The advent of the “onesie” was not a surprise, anyone who has encountered particular bachelor farmers at home, or even in hospital, will be familiar with the tendency of some to wear “combinations,” vest and long-johns all in one. The arrival of the “kigu” was more surprising, or perhaps the wearing of a kigu by adults in public places seems more surprising. The Urban Dictionary defines a “kigu” thus:
A Japanese invention / Item of clothing. A kigu is an all in one oversized animal costume, usually made from lightweight material, similar to a babygrow but for adults.
Mindful that clergy dress in ways that are totally eccentric and are totally alien to the majority of the population, noticing how someone dresses is probably a case of pots and kettles calling each other black, but walking down the high street and meeting a middle aged woman dressed in a pink animal outfit at five o’clock on a weekday afternoon seemed unusual.
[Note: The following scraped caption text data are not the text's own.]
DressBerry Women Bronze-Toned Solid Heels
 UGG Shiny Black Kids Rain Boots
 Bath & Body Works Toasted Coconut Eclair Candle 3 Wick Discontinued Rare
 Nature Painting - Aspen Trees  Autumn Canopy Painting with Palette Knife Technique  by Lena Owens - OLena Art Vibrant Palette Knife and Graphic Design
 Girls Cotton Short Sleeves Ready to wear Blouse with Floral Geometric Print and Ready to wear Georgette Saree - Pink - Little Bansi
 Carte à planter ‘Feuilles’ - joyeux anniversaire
The kigu was faded and grubby and was worn with a crumpled grey hoodie and scuffed red training shoes. With the hood of the kigu raised, the woman was leaning looking in through the window of a red van, remonstrating loudly with the man who was driving and the woman who sat in the passenger seat. There seemed a dispute about something, the kigu wearer was frowning and expressing displeasure. After a few moments, the van pulled away and the woman walked down the street, the tail of the kigu more resembling that of the donkey Eeyore in A.A. Milne’s “Winnie the Pooh” than anything bright or colourful or joyful.
There seemed an indefinable sadness in seeing someone standing in the high street in dirty pyjamas at 5 p.m. As working people were beginning to leave their shops and offices, and to purposefully make their way home, she wandered slowly toward the town centre. Presumably, no-one would wish their life to be lived in such a way. Who would want to be seen wearing faded, grubby pink pyjamas in the middle of a busy town at the busiest time of the day?
Might those who design the structures that provide people with financial assistance and health care and psychological support feel that something more is needed? Might they see that giving people enough cash to eke out an existence leaves issues unaddressed? The issues are as much about individual hope and community pride as they are about material needs. People may receive identical benefit payments and yet enjoy radically different qualities of life.
Politically, it is unlikely the fundamental questions will be asked, because the Right would have to concede that people should enjoy the right to a dignity that is currently lacking and the Left would have to concede that people have a responsibility to do more for themselves than live whole lives on benefits.